Right Working Romantic Related Learning Friendly Healthy Legal Inspirational Unfiltered

I Don’t Work Here, Does Not Work Here, Part 22

, | Right | October 4, 2016

(When I was twelve years old, I was about 5’2” or 5’3” – about 155 or 160 cm for you non-Americans. Not the tallest girl in my class, but taller than average for my age. One day, my mother takes me and my younger sister shopping. While she is in the fitting room with my sister, she tells me to wait just outside the door. Bored, and seeing that a display table of shirts is a stirred up mess, I start folding shirts.)

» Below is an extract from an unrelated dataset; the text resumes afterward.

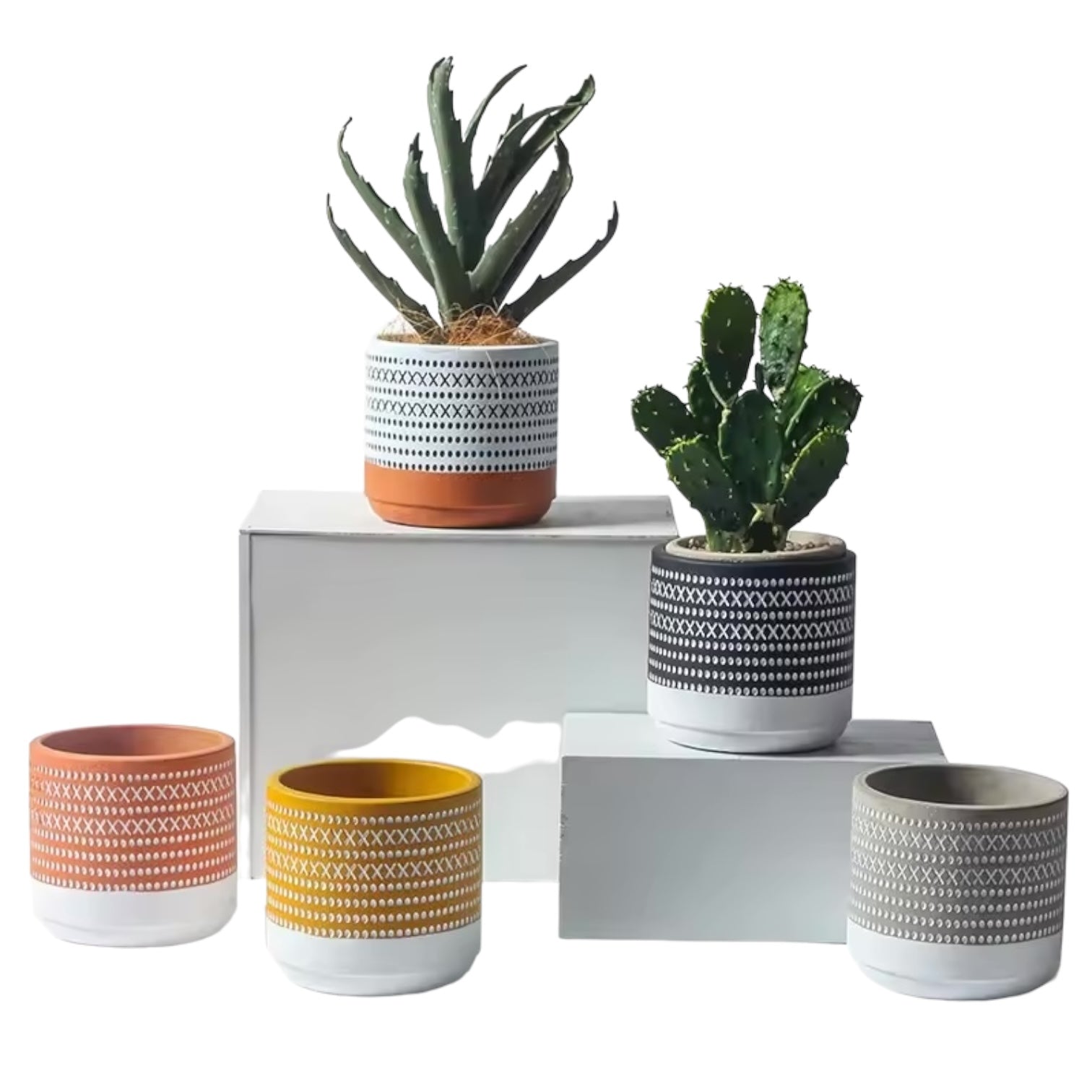 BOHO AURA – Blumentopf, Terracotta-Schwarz-Weiß, Ø 13,5 cm, handgefertigt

Customer: “Hey! I’m talking to you!”

(I realize a woman I’d heard and tuned out is looking at me.)

Me: “Me?”

Customer: “Yes, you! Where are your capris?”

Me: “Uh, I… I don’t…”

Customer: “Don’t give me that. I know you sell them! They’re in your flyer.”

Me: “I don’t know.”

(The woman steps into my personal space and raises her voice, berating me about a sale being advertised. I am frozen, wide-eyed, and speechless. A sales associate on the other side of the store starts toward us, but my mom comes out of the fitting room first.)

Mom: “You don’t talk to her like that!”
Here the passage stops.